_Task details_: Instruction for the entries that follow: retype exactly the lines from the line with "Hieronymus Graf von Colloredo, 1772-1803" to the line with "Dukat 1779 M.", both included, and omit all others.

_Supplied material_:
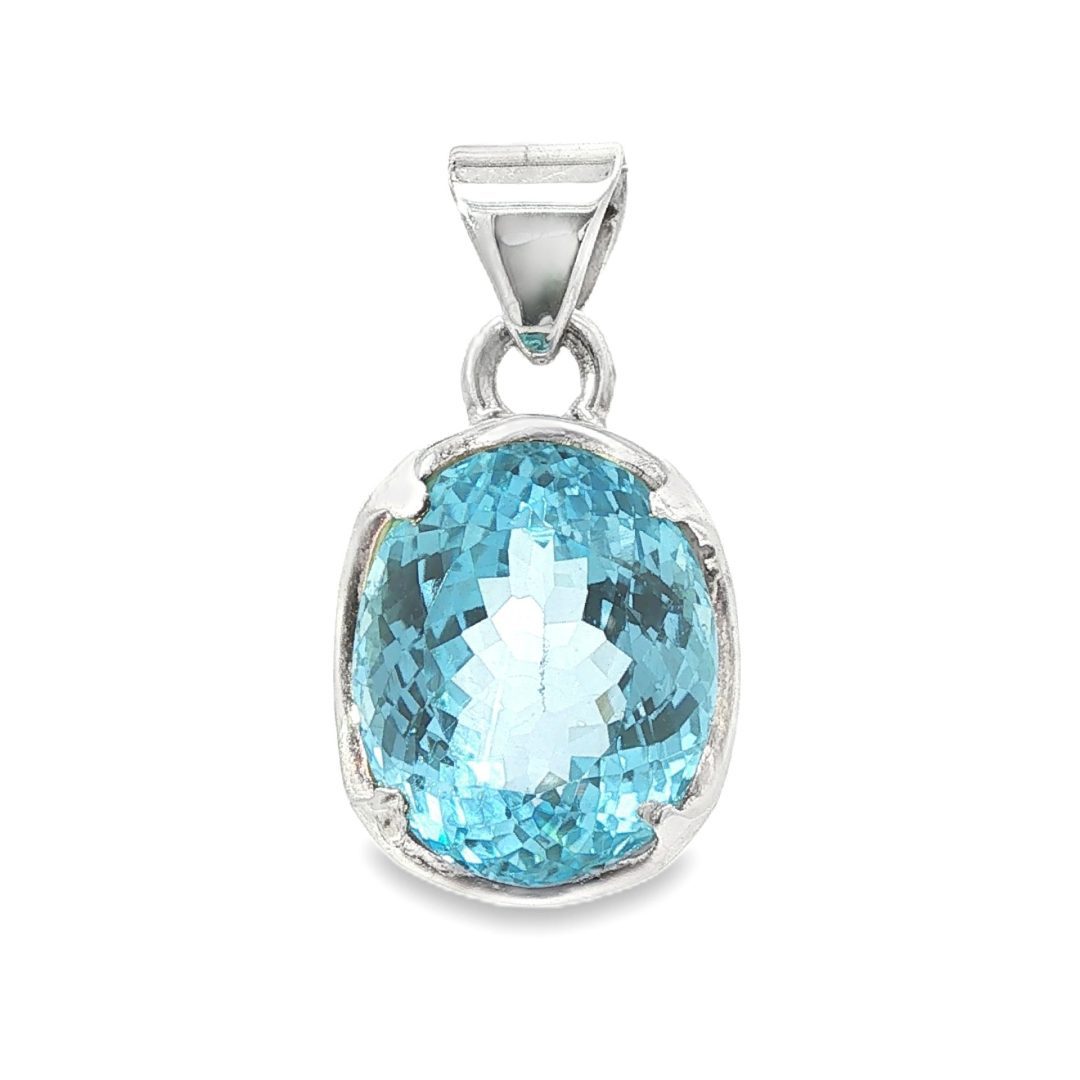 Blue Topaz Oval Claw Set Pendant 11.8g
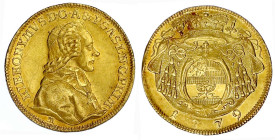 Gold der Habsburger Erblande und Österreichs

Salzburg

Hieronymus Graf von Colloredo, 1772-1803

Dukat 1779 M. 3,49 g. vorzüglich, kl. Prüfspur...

...

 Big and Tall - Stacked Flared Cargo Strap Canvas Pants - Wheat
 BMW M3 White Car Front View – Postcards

_Answer to this exercise_:
Hieronymus Graf von Colloredo, 1772-1803

Dukat 1779 M. 3,49 g. vorzüglich, kl. Prüfspur...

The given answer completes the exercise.